| MATERIAL FOR THE TASK |
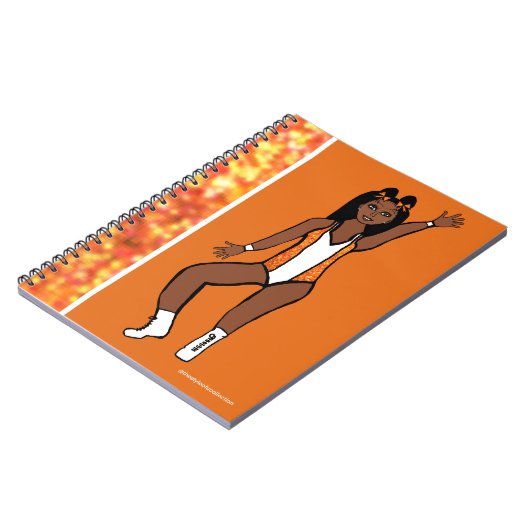 Dancer Orange Spark Carnet #1 (Côté gauche)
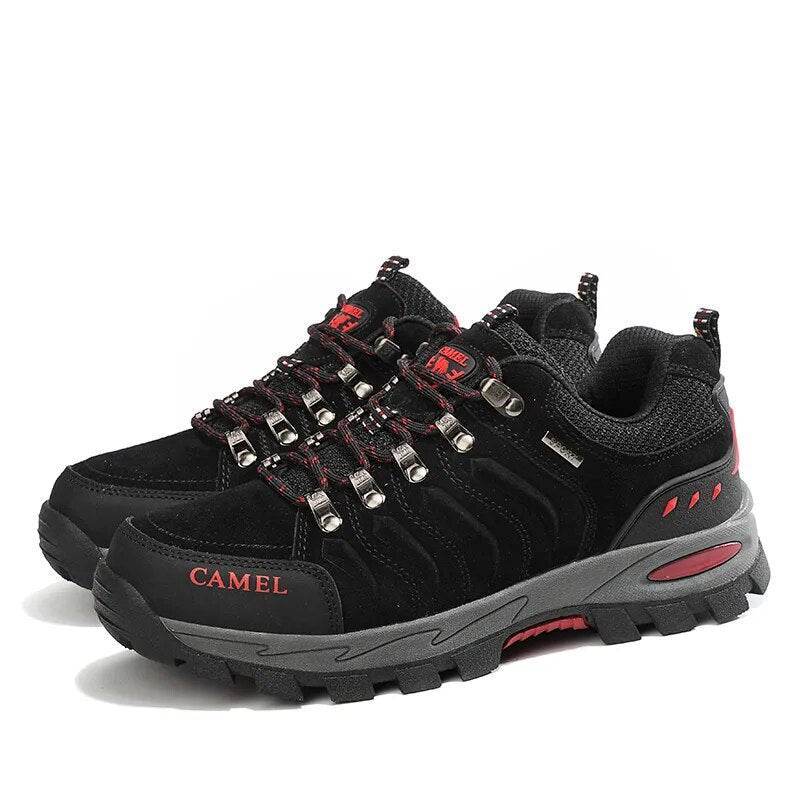 Men Hiking Mountain Climbing Shoes Trekking Sport Hunting Sneakers Lace-Up Non Slip - Tamnz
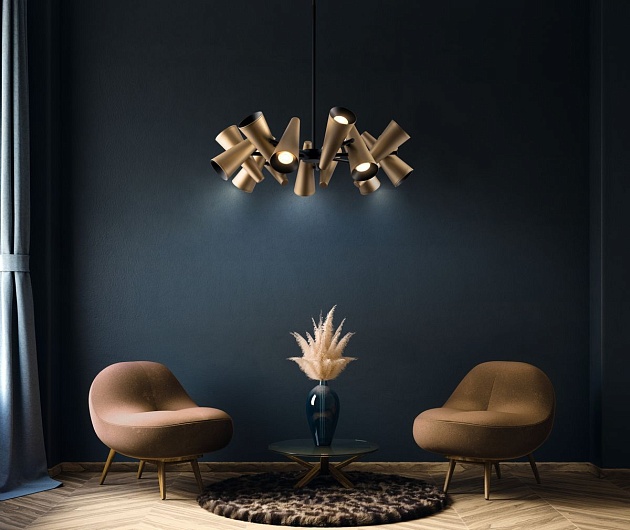 Подвесная люстра Maytoni Giro MOD095PL-14BS изображение 4 Подвесная люстра Maytoni Giro MOD095PL-14BS Фото № 4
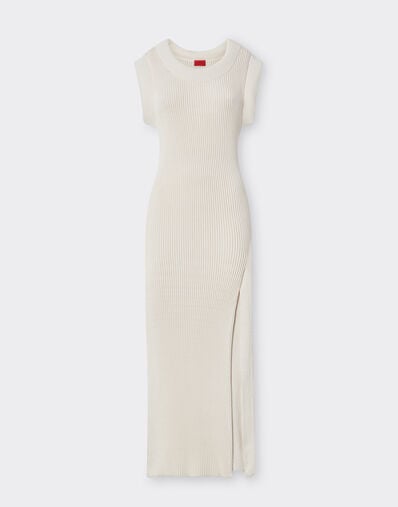 Ferrari Sleeveless knit dress Chalk 22525f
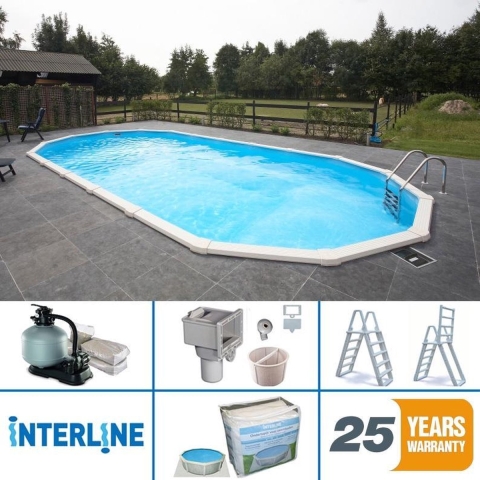 Interline zwembad 'Diana' ovaal, 7,30 x 3,60 m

| INSTRUCTIONS FOR THE TASK |
Repeat only the lines from the one holding "Ferrari Sleeveless knit dress Chalk 22525f" through the last line of the data, inclusive. Keep the pictures out.

| EXPECTED ANSWER |
 Ferrari Sleeveless knit dress Chalk 22525f
 Interline zwembad 'Diana' ovaal, 7,30 x 3,60 m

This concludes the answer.